The Inner Harbor Navigation Canal (IHNC)-Lake Borgne Surge Barrier is a massive Hurricane and Storm Damage Risk Reduction System project (HSDRRS) that was completed under the direction of the U.S. Army Corps of Engineers (USACE). The 1.8-mile-long, 26-ft-high barrier provides surge protection to an elevation of 26 ft above sea level. The structure is located at the confluence of the Gulf Intracoastal Waterway (GIWW) and the (now closed) Mississippi River.

Gulf Outlet (MRGO), about 12 miles east of downtown New Orleans. The project reduces the risk for some of the areas hardest hit by Hurricane Katrina, including New Orleans East, metro New Orleans, Gentilly, the Ninth Ward and St. Bernard Parish. Its purpose is to substantially reduce the risk of flooding from a storm surge that has a 1% chance of occurring in any given year. “This project was the cork in the bottle needed to keep New Orleans safe,” says Larry Haser, vice president of engineering and construction with APTIM, who served as project manager for the entire design- build project. The $1.38-billion barrier is touted to be the largest design-build civil works project in USACE history.
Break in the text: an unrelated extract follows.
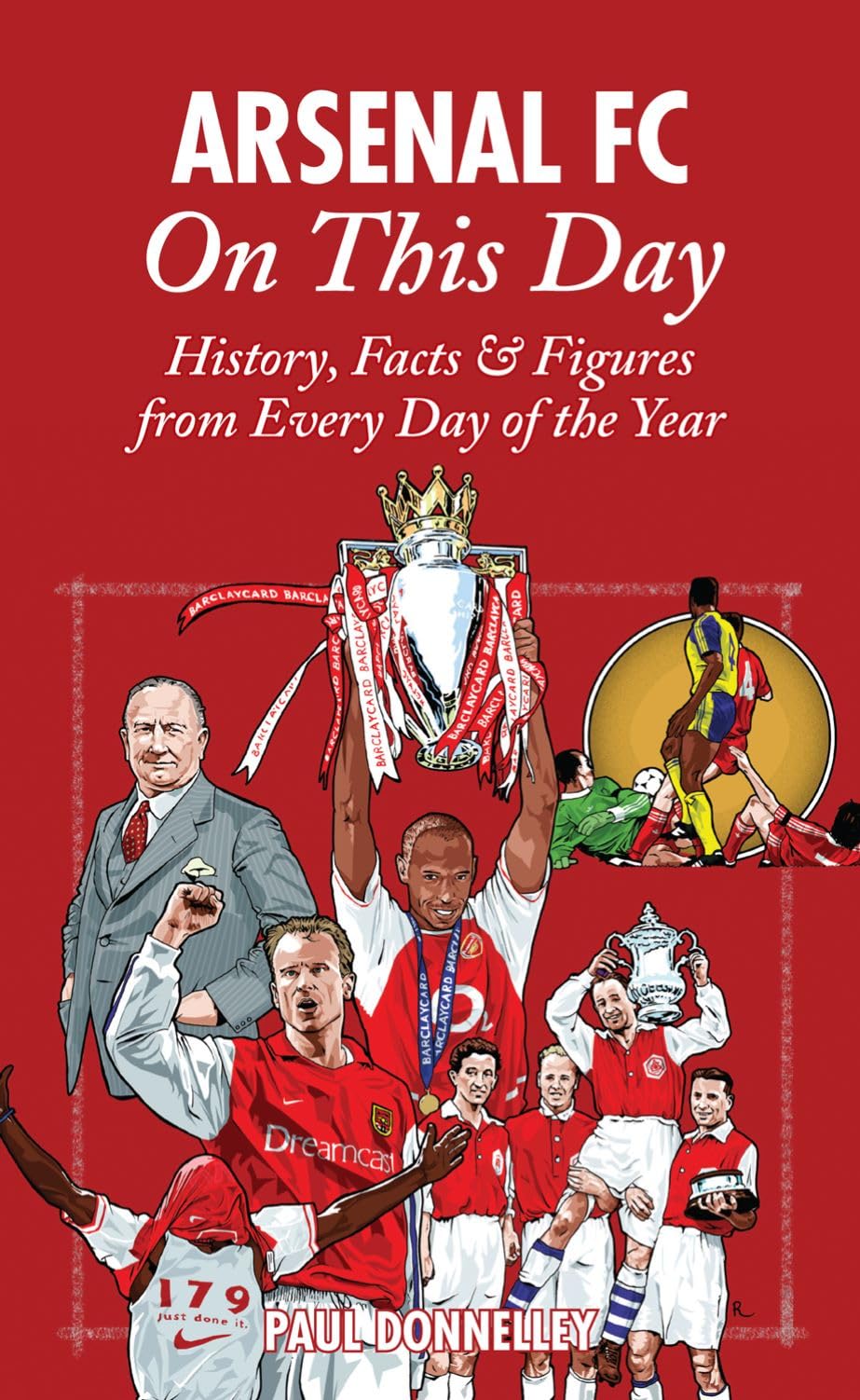 Arsenal On This Day: History, Facts & Figures from Every Day of the Year,Used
The barrier wall includes a concrete bypass barge gate and a buoyant, 42-ft-tall, hydraulically operated flood-control sector gate (both 150 ft wide) as well as a 56-ft-wide vertical lift gate. The surge barrier also provides floodwall tie-ins to the New Orleans East risk-reduction system to the north and the St. Bernard risk-reduction system to the south.

Big Leaf Challenge

The surge barrier sector gate offered particularly unique challenges, as it weighs more than 675 tons per leaf. Most of the gate’s weight is at the extreme of its 84-ft radius, where the heavy skin plate assembly is located. Buoyant tanks located behind the skin plates of each leaf provide perimeter support to relieve the operating loads on the supports and operating equipment.

To meet the timeline, design, procurement and construction were underway simultaneously—an approach that shortened the project-delivery schedule but also created challenges, which the team successfully managed. “Things were changing so fast that the schedulers had to make updates daily to keep up,” Haser says. “To successfully manage the project and coordinate the site activity, a high degree of communication with a one-team attitude was necessary.”
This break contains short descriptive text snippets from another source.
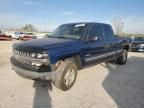 2001 Chevrolet Silverado K1500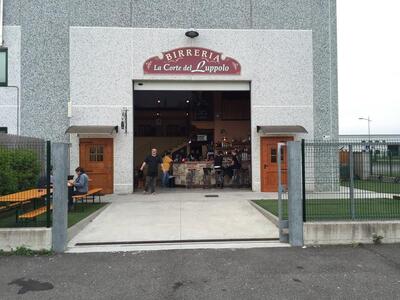 La Corte Del Luppolo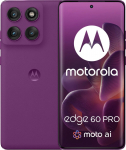 Motorola Smartfon Motorola Edge 60 Pro 5G 8/256GB Fioletowy (TKOMOTSZA0576)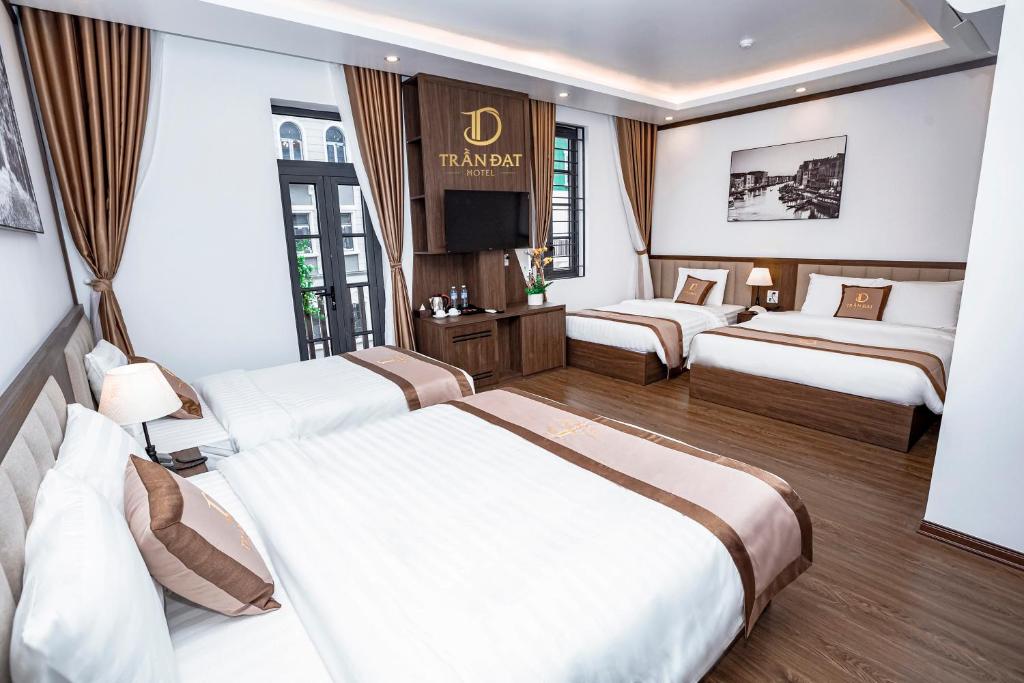 Trần Đạt Hotel — photo 1
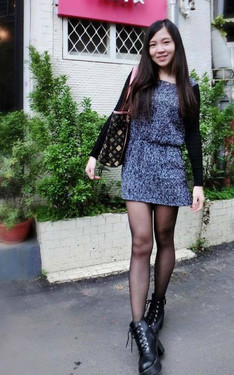 貴婦優雅風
In addition, cost control, unstable soils and the need to minimize environmental impact—all while maintaining navigability and public safety—further influenced design and construction decisions. “We were creating something never built before and working almost exclusively from barges and other floating platforms on the water,” Haser adds. “We had to break the project into small enough elements to prioritize designs to keep up with long-lead-time items coordinated with construction sequences. We had as many items as possible prefabricated offsite to save time and ensure high quality, as it would have been so much more expensive and time draining to build them on the water.”

A Fully Operational Model

Advanced modeling techniques were used to confirm the reliability of the barrier’s potential. The project team constructed a fully operational physical model of the channel, the bypass gate, the sector gate and associated guide walls. Remote-control models of vessels simulated navigation within the channel under varied conditions. A floodwall model helped to verify that the overtopping rate was acceptable, and wave forces were studied to determine the size of the gate structures and associated mechanical equipment. Modeling also affirmed hydroelastic effects such as gate vibration, wave slamming and wave downfall.
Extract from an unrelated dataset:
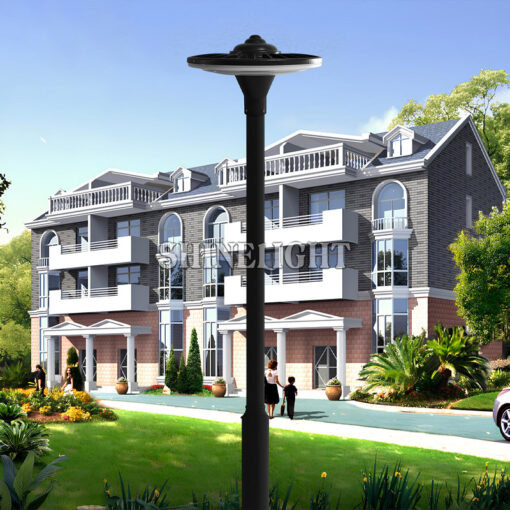 Cột đèn sân vườn SLDSVG10 - Hình ảnh 5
In 2014, the project was recognized by the American Society of Civil Engineers (ASCE) with the 2014 Outstanding Civil Engineering Achievement (OCEA) award. In accepting the award, Lieutenant General Thomas P. Bostick, the commanding general and chief of engineers for the U.S. Army Corps of Engineers, said, “Everywhere that I go, I talk about this surge barrier, and I talk about the example that it shows of what America can do when it prioritizes and puts its mind to it.” He cites the federal funding, congressional support and local support of more than 300 organizations working together.

Haser concludes, “Our team [APTIM] was more than 100-people strong working on the project at any one time, and we all felt it was an immense privilege to work on something so important to the city—so unique and complex.”